However, there is a retaliation strategy out there: 96% affected businesses can survive ransomware outbreaks if a clearly-defined backup and disaster recovery (BDR) pathway is outlined.
Cybersecurity threats tap into existing vulnerabilities and have human origins – making them easier to predict than most disaster events. What’s required is the identification of impact areas, asset safeguarding, and the implementation of a resilient defense mechanism.
The best recourse is always ‘in the sky’: Transitioning to Cloud
Remote infrastructures can play a critical role in disaster recovery and business planning.
Essentially, the cloud ensures operations are accessible anytime, and from any device. This could be as basic as saving contracts on Dropbox instead of filing them away in a tangible storage unit that’s open to disasters and accidents.
Or, it could be a deeper, more well-articulated roadmap where all key components – from emails to servers – are stored in a secure cloud system, customized to unique business needs.
When it comes to inking a cloud-based Disaster Recovery and Business Continuity Plan strategy, organizations could choose between 4 routes:
- Active configurations: While absolutely minimal downtime is guaranteed, this is cost-intensive as a piece of cloud real-estate needs to be continuously operational.
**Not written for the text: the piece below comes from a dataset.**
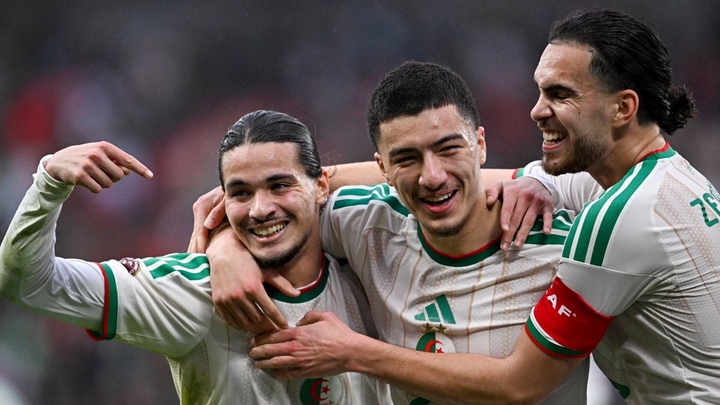 Dự đoán Algeria vs Congo, 23h00 ngày 6/1, Cúp châu Phi 2025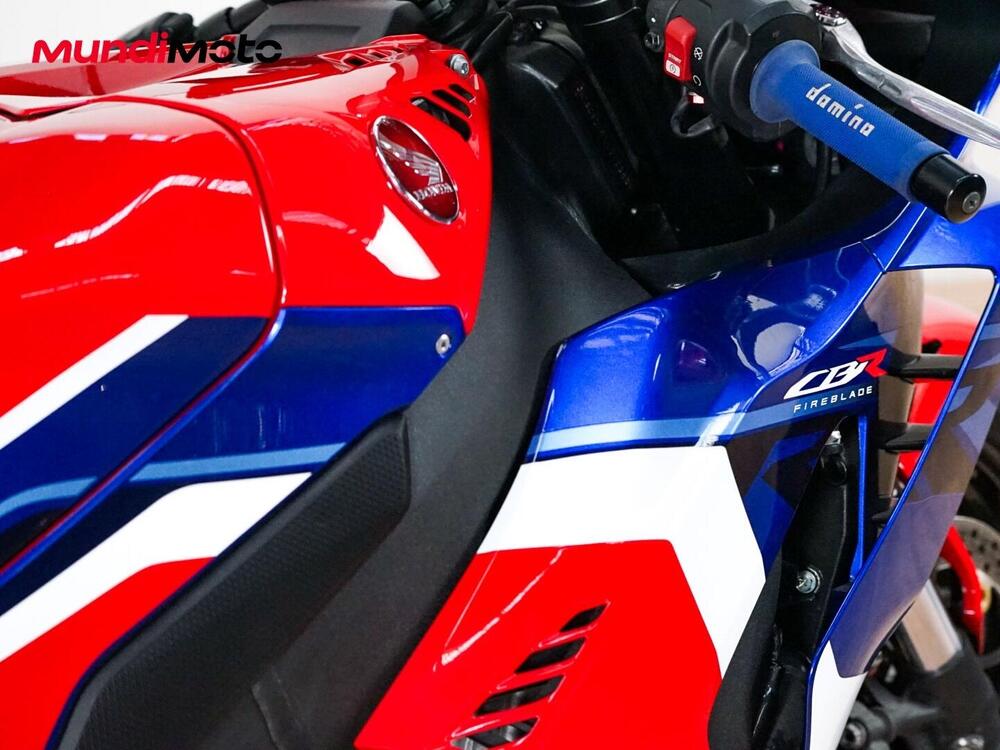 Honda CBR 1000 RR-R Fireblade SP (2022 - 23) (14)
For global enterprises, this is often the ideal solution.
- Active/passive hybrids: Some downtime is expected, but not for extended periods. The upside is that this is typically an efficient, cost-optimized ‘pay-as-you-use’ alternative
- Workload-specific DR and BCP: The plan is limited to certain segments of infrastructure, assets, and processes. They are stored in the cloud to be mirrored on live platforms (BCP) or fully restored (DR), in case of downtime.
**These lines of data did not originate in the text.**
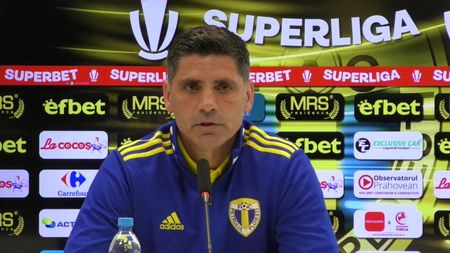 FC Voluntari și-a găsit antrenor la o rivală din Superligă! Florin Pîrvu a refuzat China pentru ilfoveni. EXCLUSIV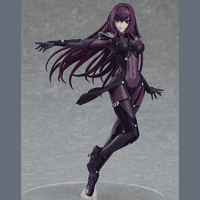 Fate Grand Order Lancer Scathach Anime Figure | Anime Shops In Whitstable Kent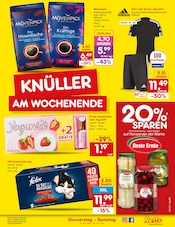 Ähnliche Trainingsanzug Angebote im Prospekt "Aktuelle Angebote" von Netto Marken-Discount in Maintal Ähnliche Angebote wie Trainingsanzug im Prospekt "Aktuelle Angebote" auf Seite 57 von Netto Marken-Discount in Maintal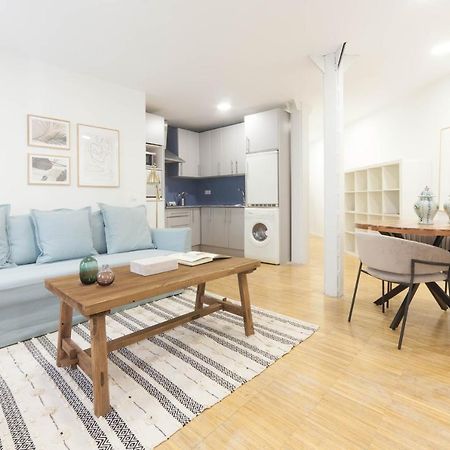 Bright & Cosy Studio In Puerta Del Sol By Allo Housing. มาดริด ภายนอก รูปภาพ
- Backup-based recovery: Ideal for organizations that can absorb a chunk of downtime, this focuses on restoring applications and workloads to its original state. For large-scale plans, this is a slightly sluggish but comprehensive option.
Today, disruptors in the cloud technology space are taking the debate to more granular levels – a contingency plan isn’t just an afterthought. It is entrenched into day-to-day operational models, via solutions that go beyond storage and allow key functions to simply move to the cloud.
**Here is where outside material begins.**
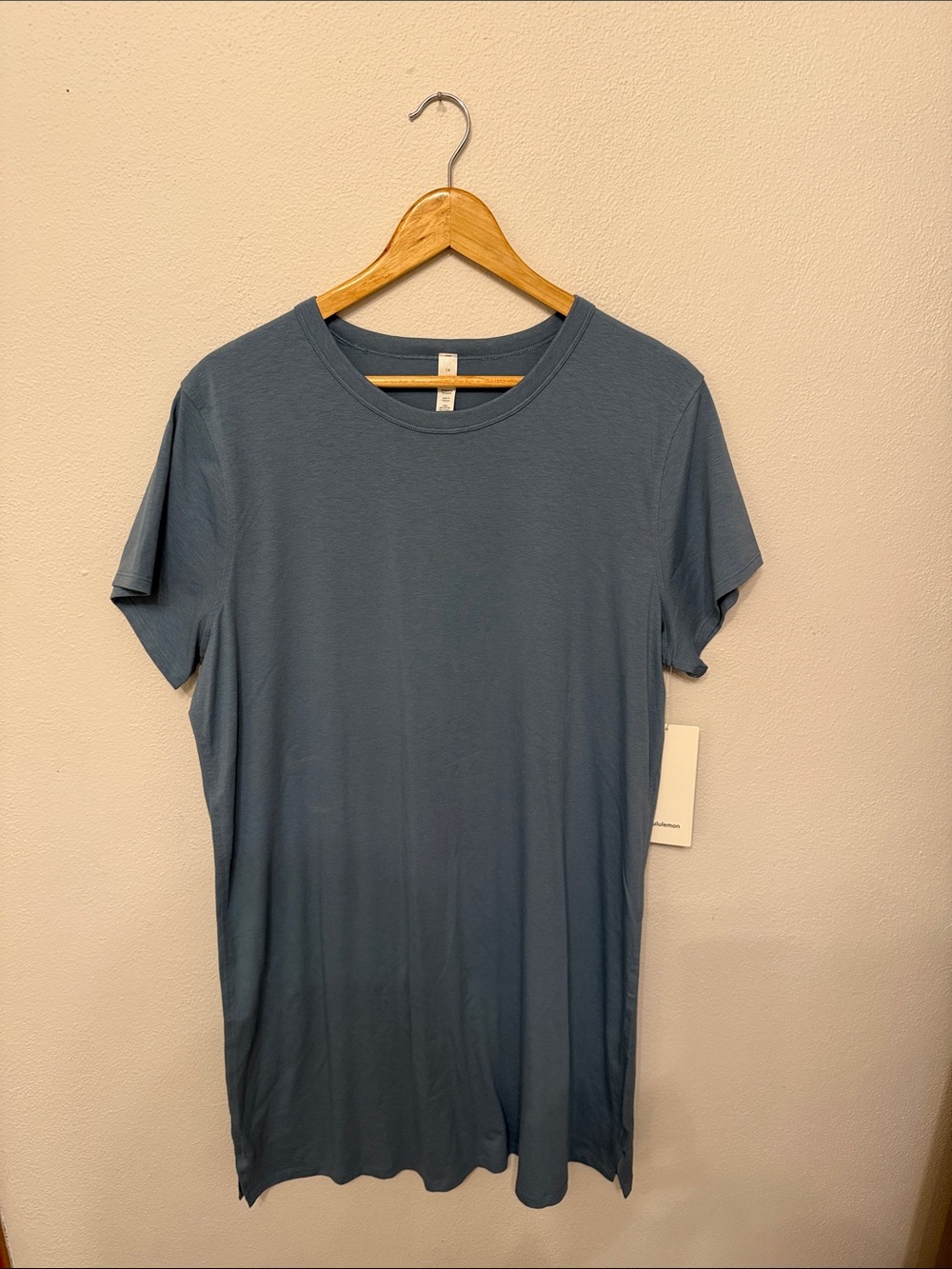 lululemon athletica Women’s T-Shirt Dress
With a dedicated cloud collaboration platform in place, organizations could restore Business As Usual (BAU) after IT disaster events with minimal costs, and at a fraction of the expected timeline.
A secure cloud email archival tool could protect vital information from external threats and internal vulnerabilities – the use cases are virtually limitless.
What’s needed is a framework that takes these essentials and drafts a 360-degree BCP & DR strategy, covering every milestone: everyday exchanges, minor downtimes, and fatal cybersecurity risks.
Turning Thought to Actuality: The Big Leap
In spite of the conversations around DR and BCP, 1 in 3 companies are yet to take any concrete steps. Management teams often push it to the bottom of the priority list, miscalculating the probability and the potential impact of risks.
To push a standard policy into place, begin by asking stakeholders – “What happens if X application crashes and cannot be recovered?” The answer defines the Recovery Time Objective (RTO) for DR – the service level within which operations must be up and running to avoid a negative result.
Next up is the time factor: “What would happen if we lose data for 1 minute, 1 hour, 1 day, 1 week, and so on?” This extracts the Recovery Point Objective (RPO) for the BCP.
Remember, these are only starting points.
Building upon this skeletal blueprint with an exhaustive event and impact analysis and reaching out to third-party providers equipped to manage DR and BCP planning is the obvious next move.